Inclusion of Time-Dependent Networks in Maryland Statewide Transportation Model

Sponsors

  • Federal Highway Administration
  • Maryland State Highway Administration

Partner

  • Federal Highway Administration
  • Maryland State Highway Administration

 

Overview

This report describes the development steps, results and the lessons learned from the Inclusion of Time-dependent Networks in the Maryland Statewide Transportation Model (MSTM) project. The report covers the following elements:

  • Modeling tool selection
  • Input data overview
  • Generating and Testing Time-Dependent MSTM Model
  • Validation
  • Scenario testing
  • Output visualization
  • Conclusions and recommendations

 

Current static statewide or regional models help planning and decision-making but they lack the level of detail to analyze the temporal aspects of congestion.

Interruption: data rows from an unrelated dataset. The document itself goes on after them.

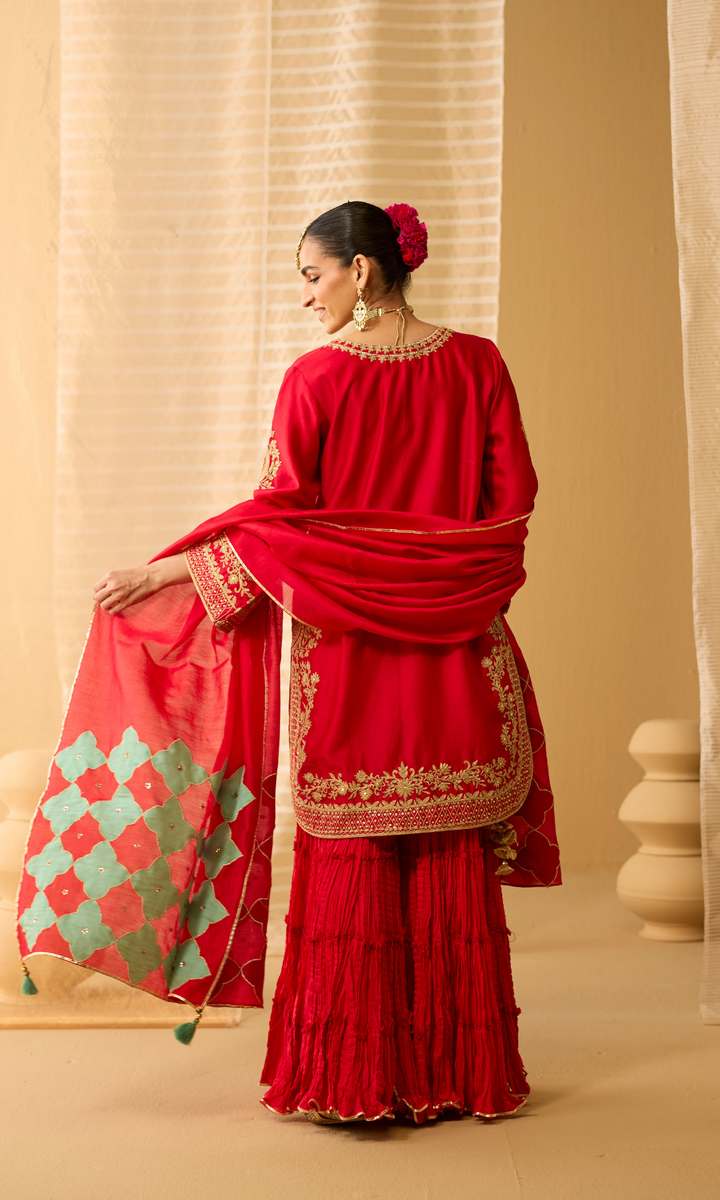 Mahira Set- Chanderi Embroidered Kurta with Sharara and Applique Dupatta (set of 3)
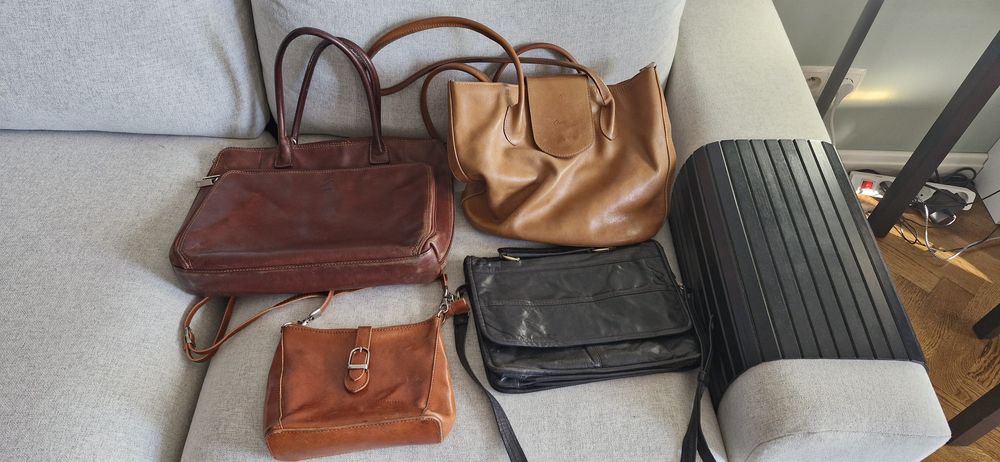 Torebki damskie skórzane zestaw 4 szt używane Kraków torby skóra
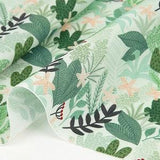Floral, Plants pattern, Green Nature, Flower printed Cotton Fabric by the yard, 110cm wide, Cotton material, Sewing, DTP, DYI, Korea, Free
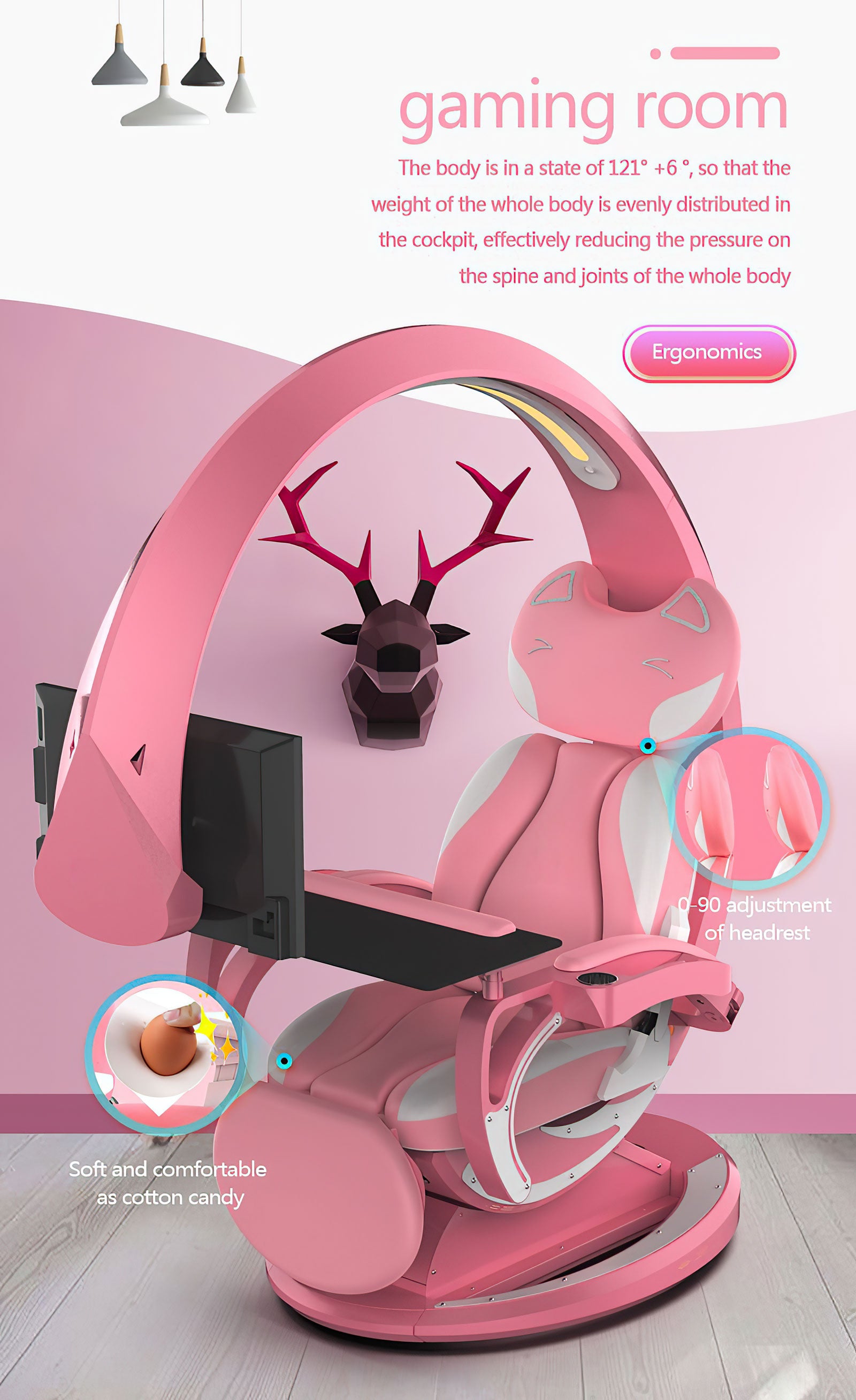 Crystal Pink Working And Gaming Station | All in one Working And Gaming Chair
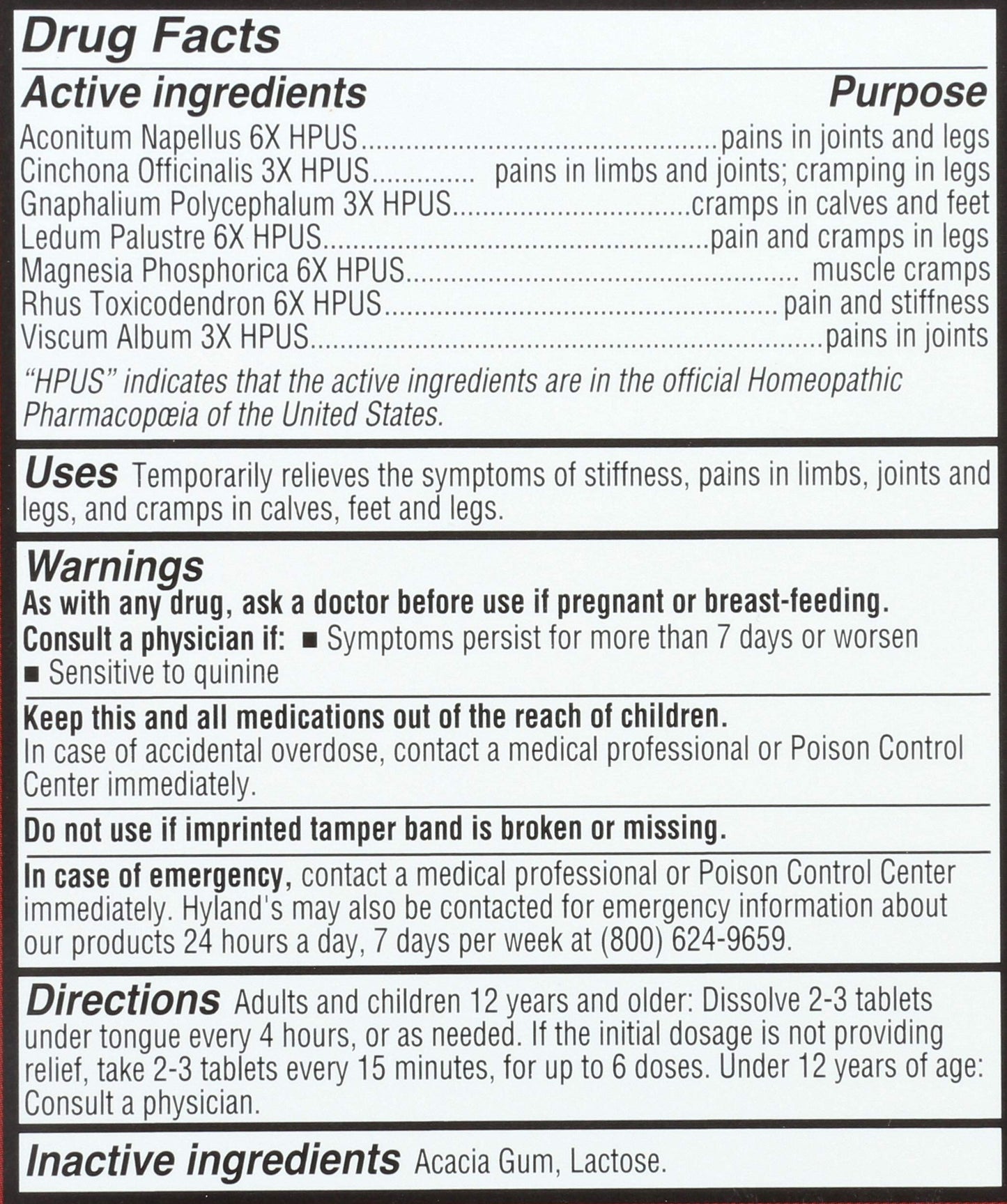 Hyland's Leg Cramps - 50 Quick Disolving Tablets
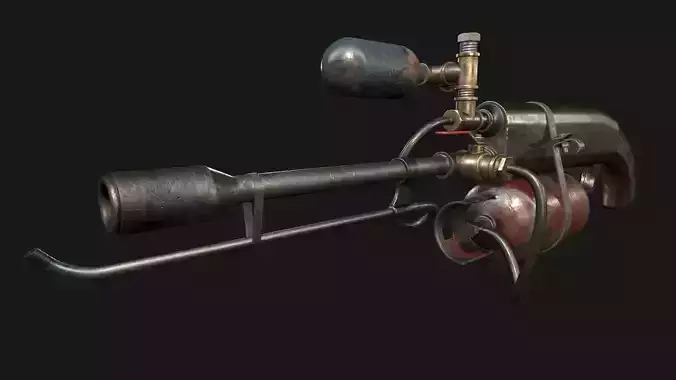 Apocalyptic Flamethrower game asset Low-poly 3D model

On the other hand, planning agencies are required/in need of conducting more detailed, project level analyses that require capturing spatial and temporal changes in traffic patterns such as congestion, queue buildup and dissipation. Therefore, for effective planning, representing user response to emerging strategies which require a time dimension such as Travel Demand Management (TDM), congestion management strategies, ITS applications, and emissions modeling, is becoming increasingly important. Dynamic Traffic Assignment (DTA) methodology can provide measures such as time-dependent link volumes, speed, density, queue length, and can track individual vehicles. Modeling the Maryland Statewide Transportation Model (MSTM) in a Dynamic Traffic Assignment (DTA) platform can provide a more realistic analytic capability through the consideration of the time dimension. This will allow the model to analyze the buildup and decline in congestion, shifting of travel times and queuing on the highway network. The applications that a time-dependent modeling approach can be useful at statewide level include: (i) tracking statewide time-dependent flows, (ii) more accurate representation of congestion, (iii) analyzing impacts of temporal travel restrictions, (iv) impacts of variable tolling, (iv) tracking time-dependent freight flows. For example, the effect of congestion on long distance freight travel can be captured. It may take four to five hours for freight to traverse the State in both peak and off-peak periods. DTA can provide better information on peak spreading and freight routing in anticipation of congestion.